What I came to realize in time was that, like rabid fundamentalist Christians, the “pros” I’d known in Michigan were the worst and most visible face of a generally-decent organization.** But like the fundamentalists, when the bad seeds were the ones who were always getting in your grill, how could you not think that they were the sum total of their kind?
But that was… Well, it was just an excuse.
Deep down, any community likes to point at The Other.
You’d think that as silly man-children who play a game consisting of glorified baseball cards with painted boobs on them, we’d realize that we’re a small community to begin with. But no, we always want to have some other group of similar people to feel superior to… And so the pro/casual gulf continues.
Pros are better. We play to win. You casual guys are scrubs.
Casual players are better. We play to interact. You pros are meanies.
The truth is, of course, that neither side is better or worse. Pros get their charge largely out of winning. Casual players get their charge largely out of interaction and cool tricks. In a sane world, we’d realize that these were simply two dots on a loose graph, and not poles in a big game of Capture the Flag.
After all, it’s not like there are no intersections. It’s hard for a Casual player to feel good at a game where he never wins, and even the most jaded Pro will give a tip of the hat to a crazy-clever play that beats him. Fact is, we all have the cards in common, and that should be enough.
That pro/casual gulf was there beforehand, of course, but I’m ashamed to say that I helped widen it for a lot of people. And while I wish I could say that this silly idea has vanished over the years, I still see it pop up occasionally.
That’s the final lesson, folks: We’re all Magic players. Period. Some of us like different things, and get our charges from cool areas. You don’t like playing net decks? Fine; I certainly don’t. But that doesn’t mean that people who do are somehow evil.

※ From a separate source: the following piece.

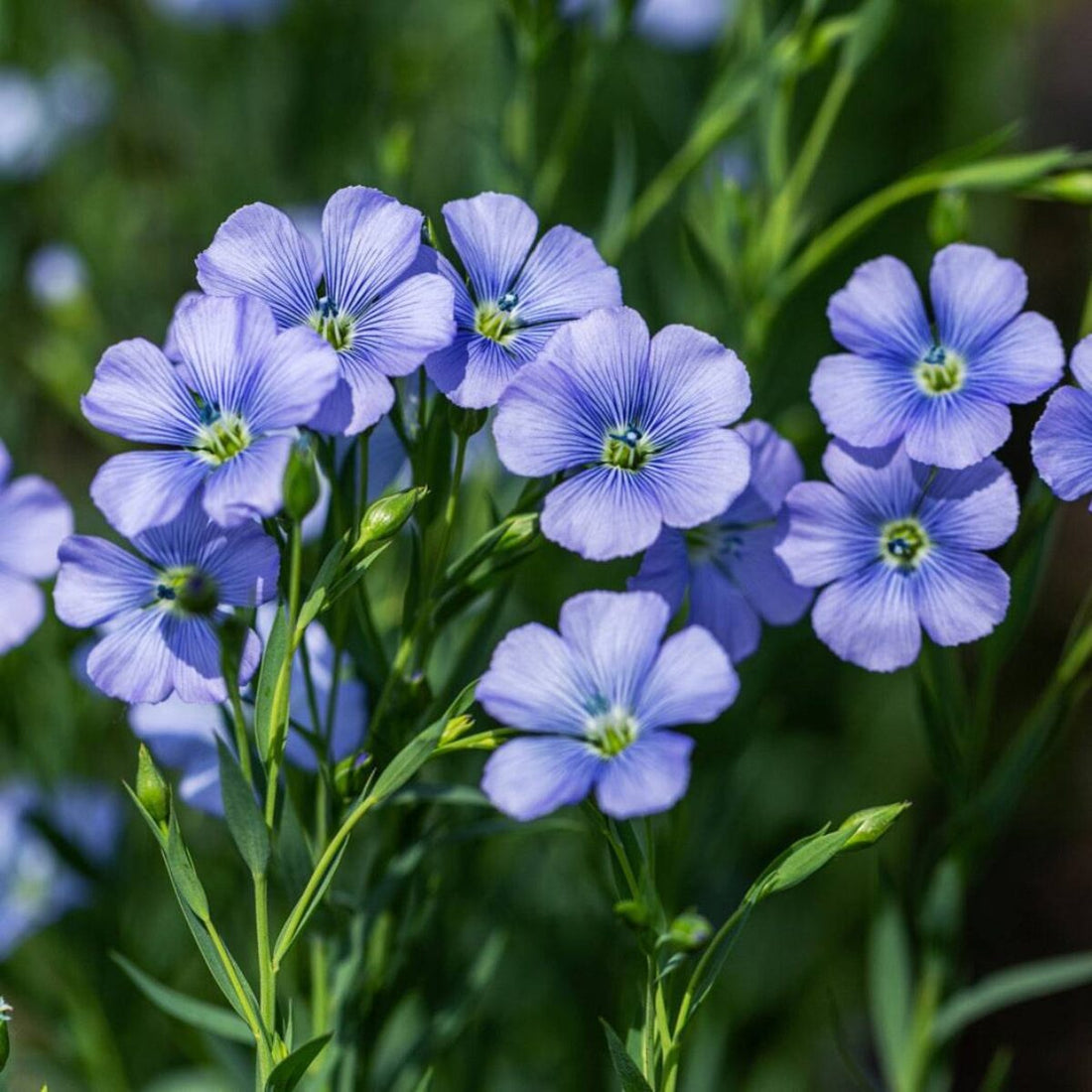 Flax flower seeds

There are bad pros, who cheat and connive and mock. There are bad casual players, who whine any time someone dares to build a better deck than the all-Hurloon Minotaur deck. But there are good, solid people on both sides, and we should all realize that at the core, we are here to have fun.
There are no stinking Pros. There are no Scrubs. There are just players.
Now shut up and shuffle.
Signing off,
The Ferrett
TheFerrett@StarCityGames.com
The Here Edits This Here Site Here Guy
* – Insert your own joke about my current ego right here. Well done!
** – For the record, I’m a Christian. Thanks.